Australian public notaries predominantly prepare and certify documents for use overseas. The common functions of notaries that are of particular interest are authenticating documents and certifying copies, witnessing signatures and authenticating identity, preparing and witnessing Powers of Attorney, witnessing documents and authenticating transactions for businesses, and preparing and certifying wills, deeds, and contracts and other documents for deceased estates. Each of these activities could be relevant to typologies of ML/TF, as well as financially motivated predicate offences.

The accounting professionals included in the scope of this report are public practitioners providing services to individuals and legal persons, and tax agents, providing limited services for tax matters to the public. The disciplinary mechanisms and disciplinary outcomes of public practitioners are the focus of the reports’ discussion of accounting professionals. This is the area of the industry deriving the majority of its income from business taxation and personal taxation and accounting services (FATF 2005c).

Real estate agents

Agents representing property vendors are the core group from the real estate industry considered in this report. Property valuers, mortgage brokers and buyers’ agents have also been included because of their contributing roles in the sale of property and the potential for that role to be implicated in money laundering.

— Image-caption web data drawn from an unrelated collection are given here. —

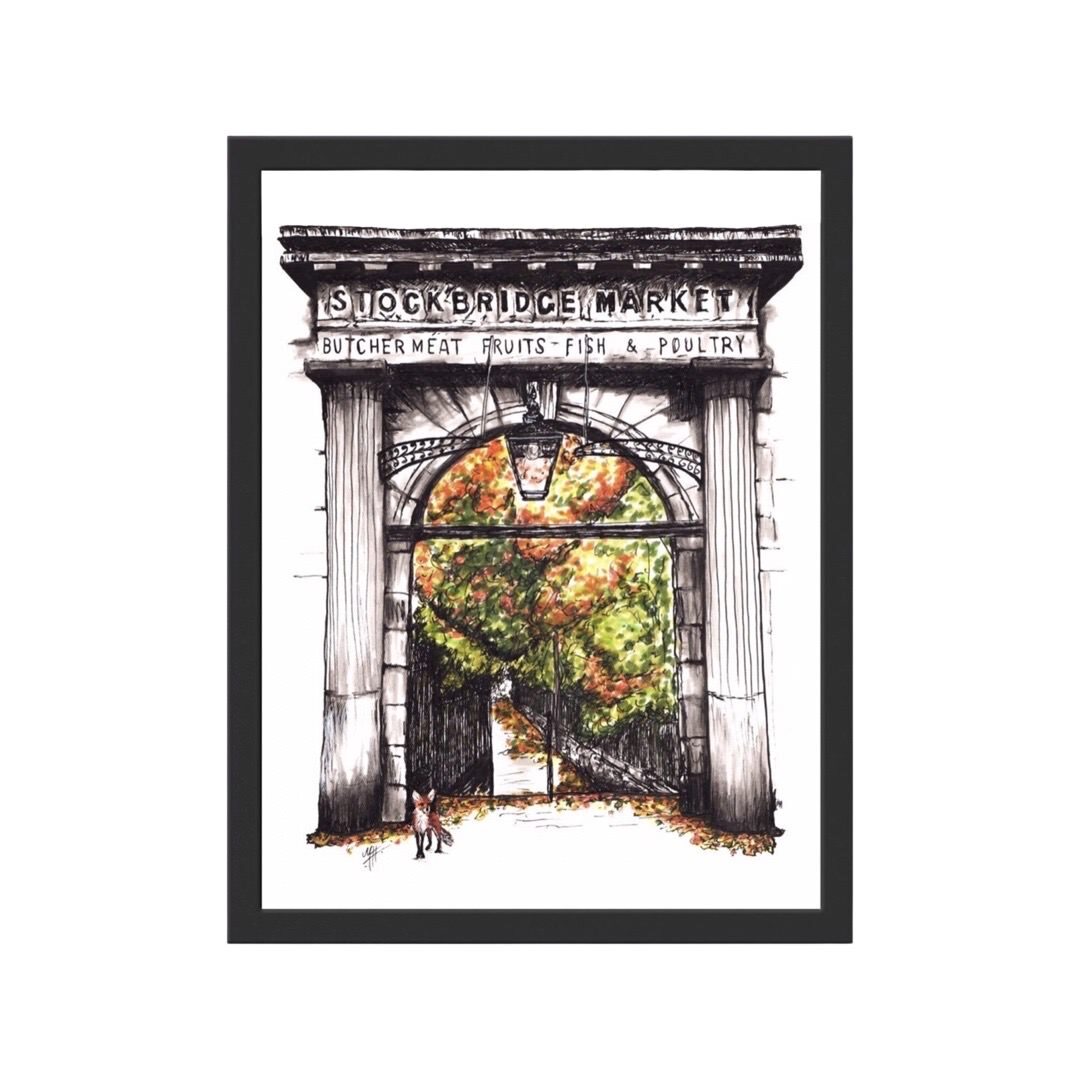 A framed illustrated print of a fox in front of the Old Stockbridge Market Arch at St Stephen Place, Stockbridge in Edinburgh.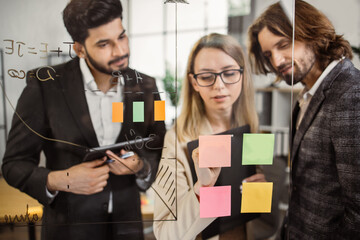 Caucasian female manager making sticky notes on glass board and sharing ideas with multiethnic male team during presentation. Creative colleagues using tablet and clipboard at modern coworking space.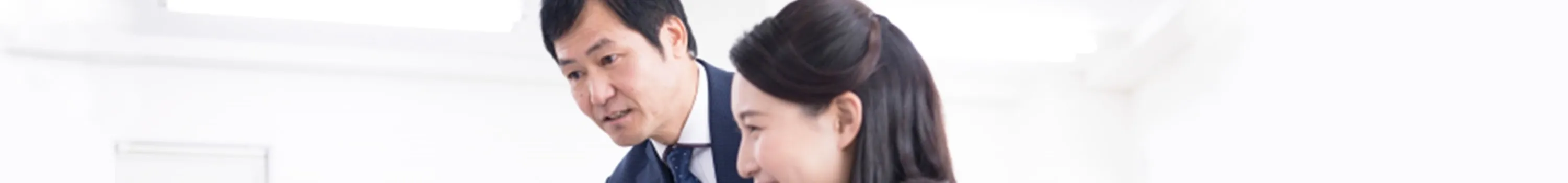 パソコン画面を見て談笑する男女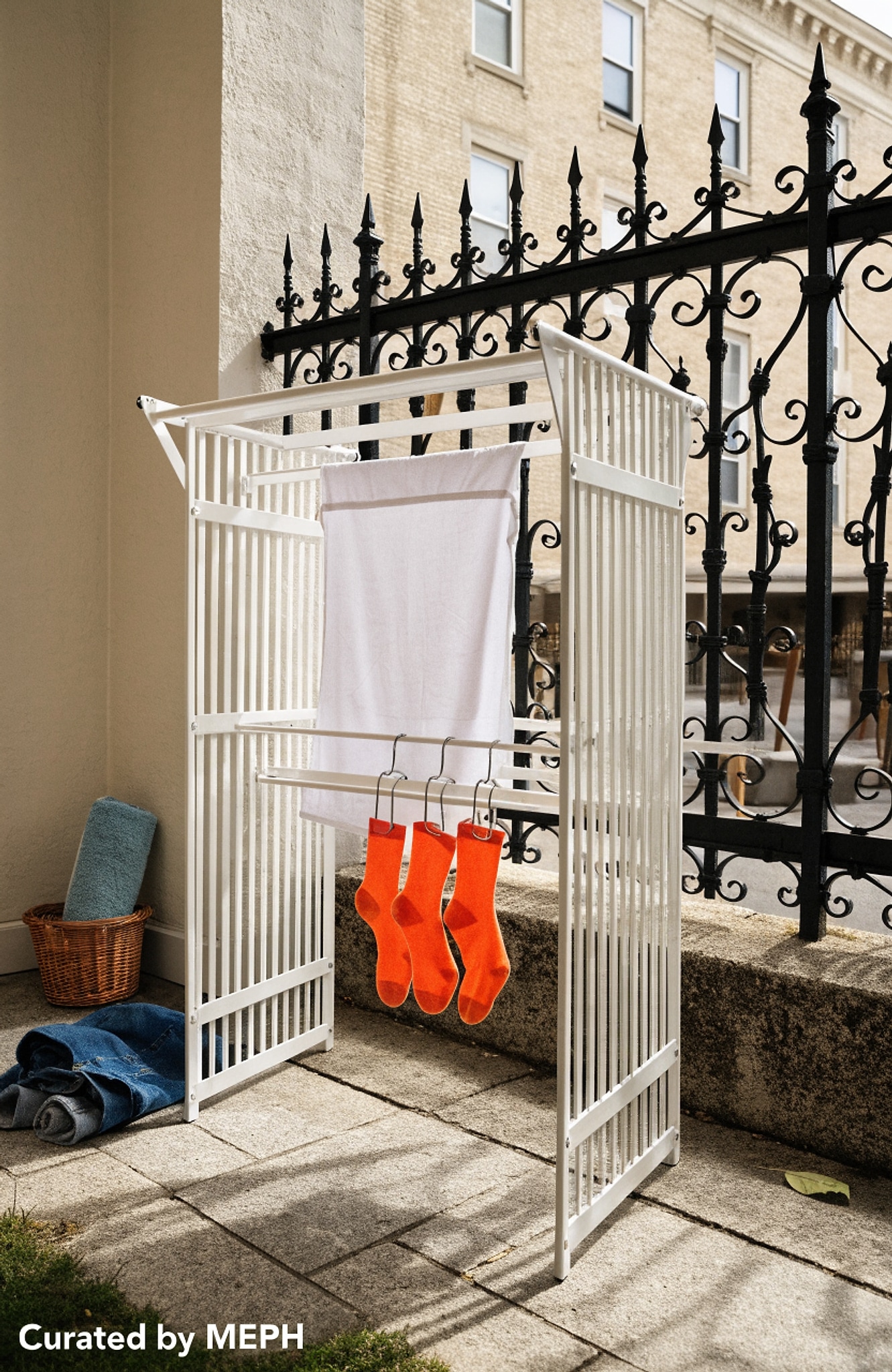 Illustrative visual for SONGMICS Clothes Drying Rack Foldable, Gullwing Laundry Drying Rack, Space-Saving, 22.2 x 68.1 x 38 Inches, Sock Clips, Metal Structure, for Clothes, Towels, Linens, Indoor, Outdoor White ULLR518W01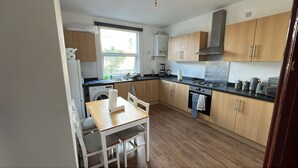 A compact kitchen with a washing machine, a dining table with chairs, a window, and wooden cabinets.
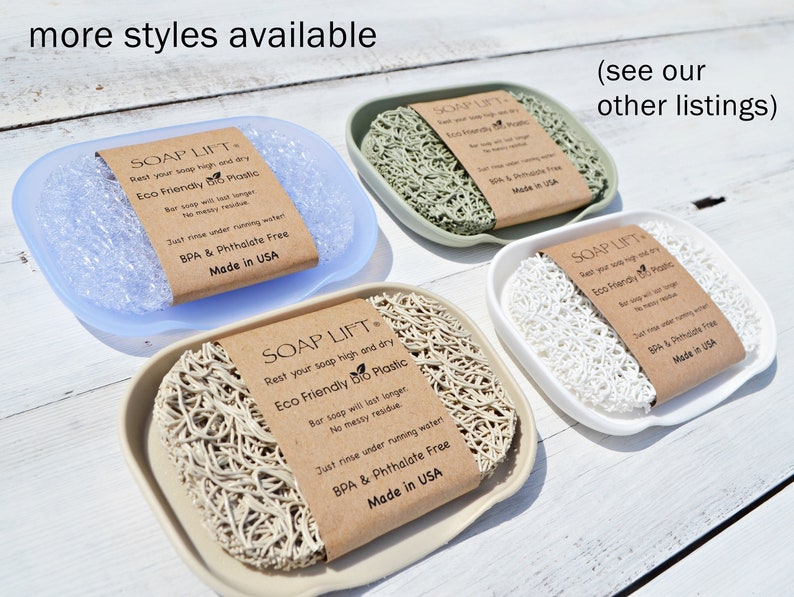 May include: Four soap dishes made of different materials, each with a brown label that reads "SOAP LIFT" and "Rest your soap high and dry Eco Friendly Bio Plastic". The label also includes the text "Just rinse under running water BPA & Phthalate Free Made in USA".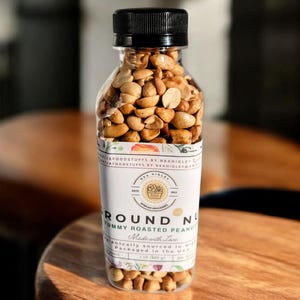 Puede incluir: Un frasco de vidrio transparente lleno de cacahuetes tostados. El frasco tiene una tapa negra y una etiqueta blanca que dice "Round Nut Yummy Roasted Peanuts Made with Love" y "Ethically sourced in Nigeria Packaged in the USA 1.2 lb (400 g)".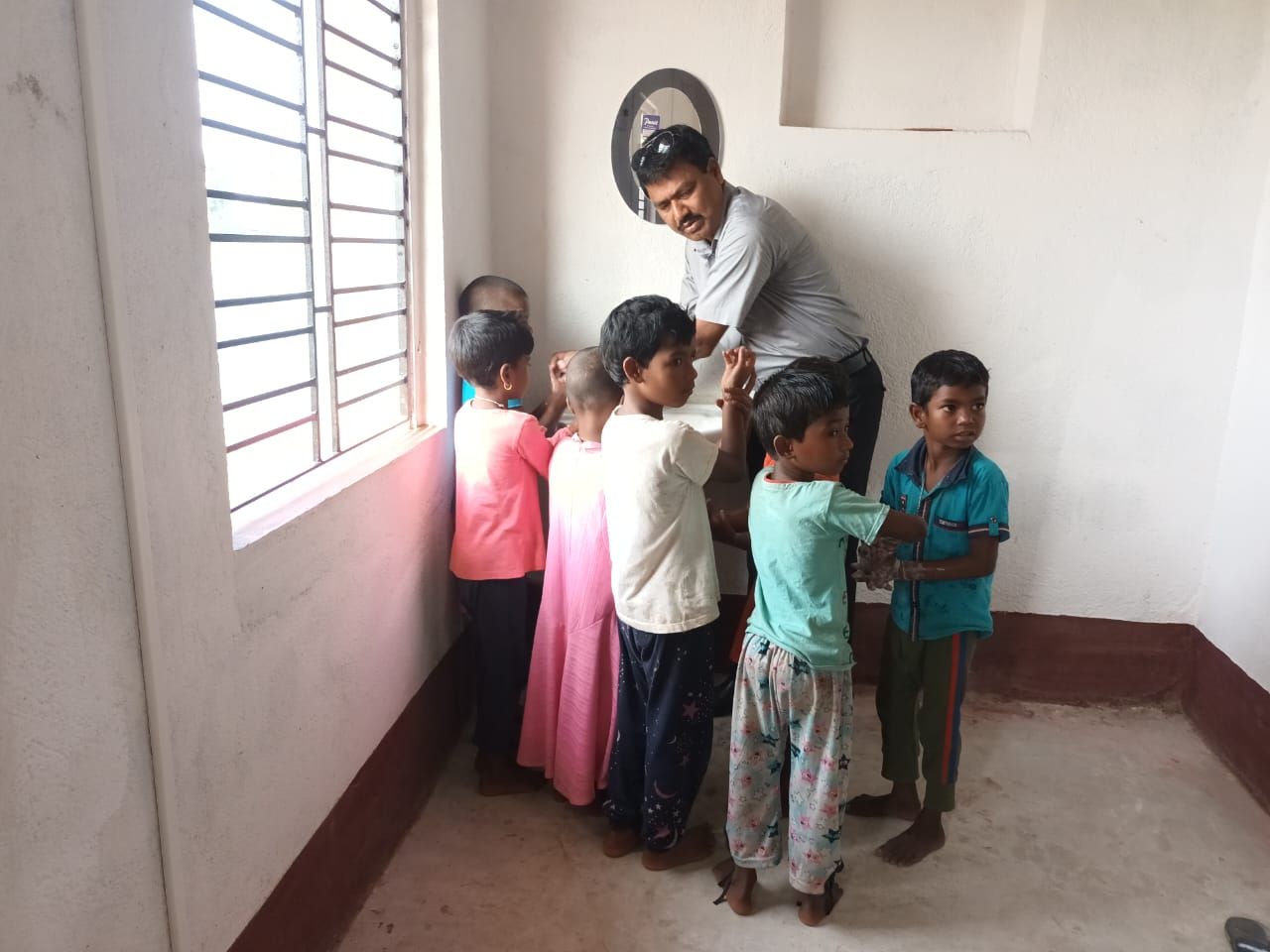 Children taking turns at a hand-washing session with a volunteer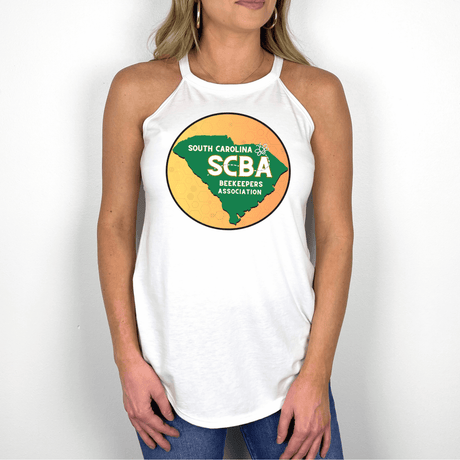 Woman wearing white SCBA Halter Tank, featuring South Carolina Beekeepers Association logo, showcasing comfort and style with tri-blend fabric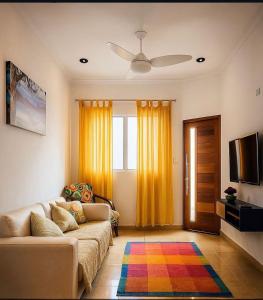 a living room with a couch and a television at Palace Massaguaçu in Caraguatatuba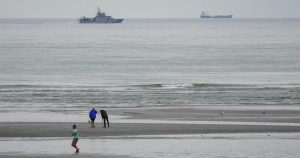 Migrant boat seen trying to make an apparent crossing of English Channel a day after 12 people died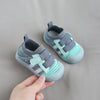 A pair of light mint green and gray breathable mesh toddler walking shoes are being held by a hand.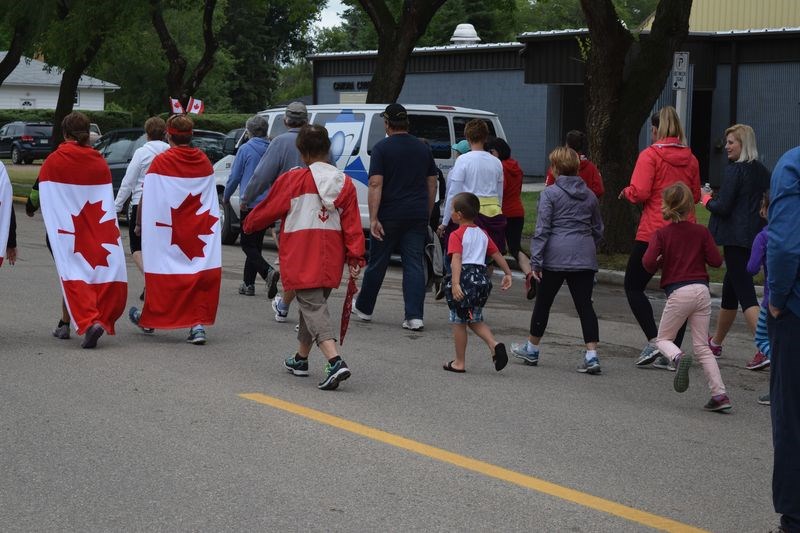 They weren’t quite as fast as the runners, but a number of enthusiastic walkers participated in the 5K run/walk on July 22.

Dealers in precious metals and stones

The precious metals and stones industry has four key components—mining companies, refineries (turning rough diamonds into polished diamonds), manufacturers and retailers. All four components of the industry are involved in buying or selling precious metals and stones, although this report focuses on retail and wholesale participants in the industry.

Retail participants include new and secondhand dealers in jewellery, precious stones and precious metals. Retailers include jewellers and auctioneers as well as pawnbrokers, secondhand dealers and antique dealers when buying or selling precious metals and stones. Pawnbrokers are differentiated from secondhand dealers in state and territory legislation by lending money to the public on the security of pawned goods.

As bullion dealers are currently reporting entities under the AML/CTF Act, they are not discussed in the scope of this report.

Trust and company service providers

The FATF definition of trust and company service providers refers to persons or businesses that provide any of the following services to third parties:

  • acting as a formation agent of legal persons;
  • acting as (or arranging for another person to act as) a director or secretary of a company, a partner of a partnership, or a similar position in relation to other legal persons;
  • providing a registered office, business address or accommodation, correspondence or administrative address for a company, a partnership or any other legal person or arrangement;
  • acting as (or arranging for another person to act as) a trustee of an express trust or performing the equivalent function for another form of legal arrangement;
  • acting as (or arranging for another person to act as) a nominee shareholder for another person (FATF 2012: 114).

The service providers operating in Australia that are not included in other categories of DNFBPs considered in the scope of this report are company formation agents, company secretary service providers and company director service providers, post office box and locked bag providers, office space lessors, businesses providing registered addresses and public trustees.

Auditors and liquidators, and insolvency practitioners are also discussed as trust and company service providers. Despite the substantial overlap with the legal and accounting professions for membership and education requirements, service providers in these fields do not completely fit into either professional group.

Scope of the current project

This report is intended to inform policymakers concerning industry perspectives of the potential threats and vulnerabilities of non-financial businesses and professions to ML/TF. The AIC assessed the risk of unwitting and complicit money laundering or terrorism financing activities that may be engaged in or facilitated by various DNFBPs. This assessment sought to determine vulnerabilities of DNFBPs in Australia by assessing the current regulations applied to each sector, the barriers to entry, any customer identification requirements for providing services, auditing requirements and the disciplinary mechanisms established by legislation. The input of industry bodies and other professional organisations into monitoring the professions was also considered as part of the vulnerability framework.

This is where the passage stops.